CRISPR/Cas9-mediated gene editing has great potential utility for treating genetic diseases. However, its therapeutic applications are limited by unintended genomic alterations arising from DNA double-strand breaks and random integration of exogenous DNA. In this study, we propose NICER, a method for correcting heterozygous mutations that employs multiple nicks (MNs) induced by Cas9 nickase and a homologous chromosome as an endogenous repair template. Although a single nick near the mutation site rarely leads to successful gene correction, additional nicks on homologous chromosomes strongly enhance gene correction efficiency via interhomolog homologous recombination (IH-HR).
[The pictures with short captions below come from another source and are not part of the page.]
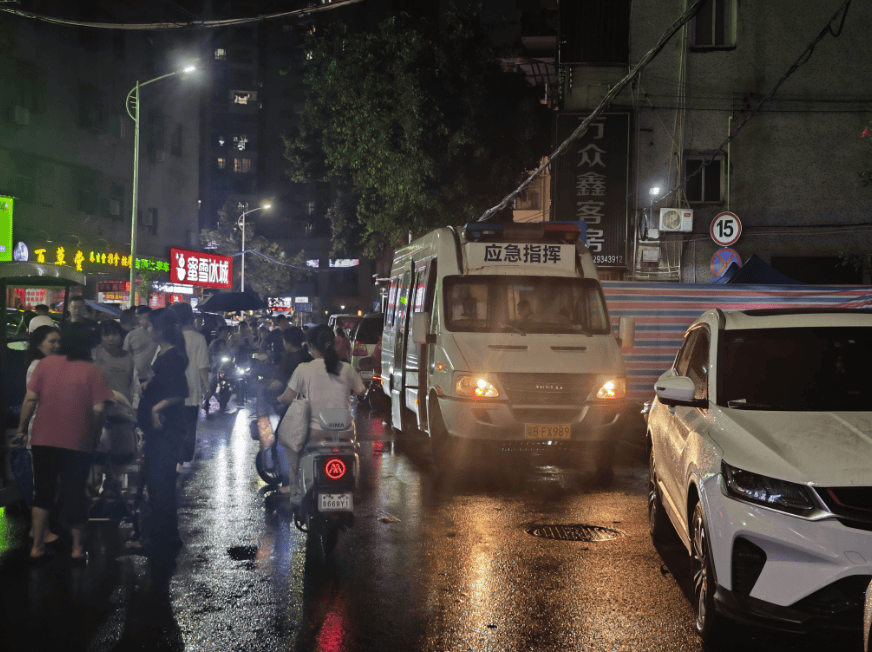 深圳一小区房屋沉降、墙体开裂,居民已撤出,官方:正在调查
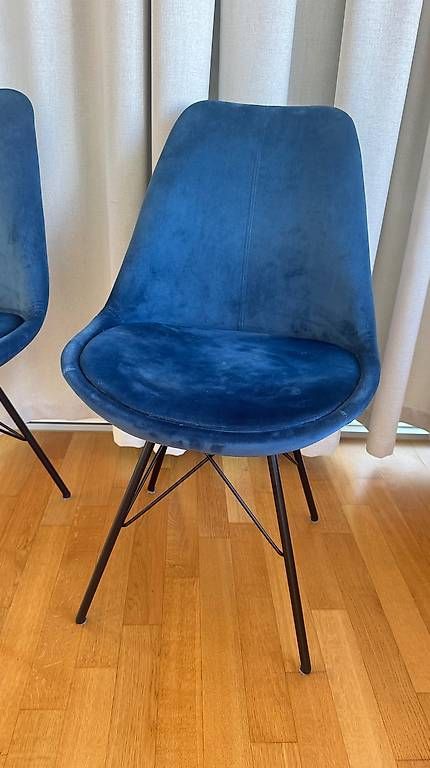 Stühle: 2 Samt-Esszimmerstühle in Dunkelblau – Gebraucht aus Luzern von mar_27gr 3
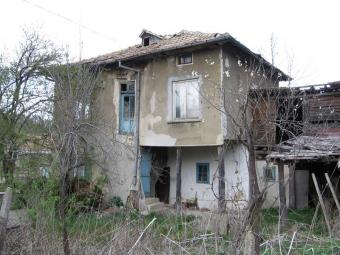 Authentic house close to the Bojentsi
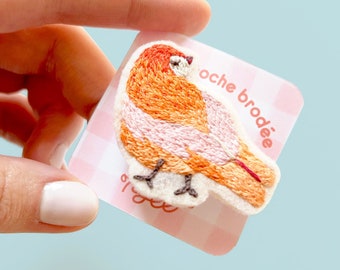 Petite broche brodée - Oiseau orange et rose brodé à la main sur feutrine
This process partially depends on BRCA1 and BRCA2, suggesting the existence of several distinct pathways for MN-induced IH-HR. According to a genomic analysis, NICER rarely induces unintended genomic alterations. Furthermore, NICER restores the expression of disease-causing genes in cells derived from genetic diseases with compound heterozygous mutations. Overall, NICER provides a precise strategy for gene correction.
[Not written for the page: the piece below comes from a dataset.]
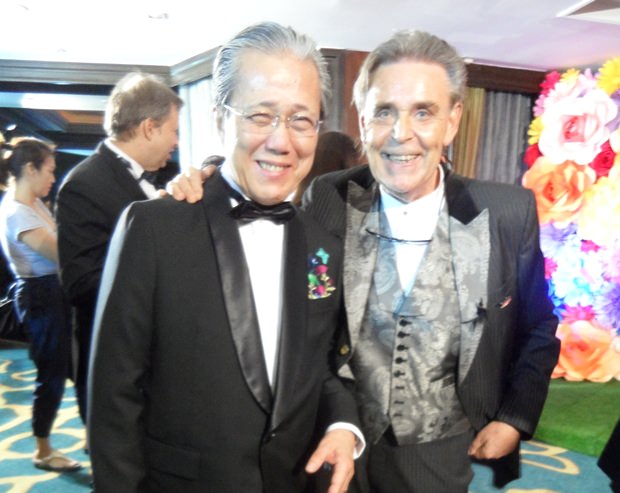 (Von links) GTTC Präsident Phongsakdi Chakshuvej mit dem großen Sponsoren aus Pattaya, Axel Brauer.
CRISPR/Cas9 介导的基因编辑在治疗遗传疾病方面具有巨大的潜在应用价值。然而,其治疗应用受到由 DNA 双链断裂和外源 DNA 随机整合引起的意外基因组改变的限制。在这项研究中,我们提出了 NICER 方法,该方法通过 Cas9 切口酶诱导的多个切口 (MNs) 和同源染色体作为内源性修复模板来纠正杂合突变。虽然突变位点附近的单个切口很少导致成功的基因校正,但同源染色体上的额外切口通过同源重组 (IH-HR) 强烈增强基因校正效率。这个过程部分依赖于 BRCA1 和 BRCA2,表明 MN 诱导的 IH-HR 存在几种不同的途径。根据基因组分析,NICER 很少引起意外的基因组改变。此外,NICER 恢复了具有复合杂合突变的遗传疾病来源的细胞中致病基因的表达。总的来说,NICER 提供了一种精确的基因校正策略。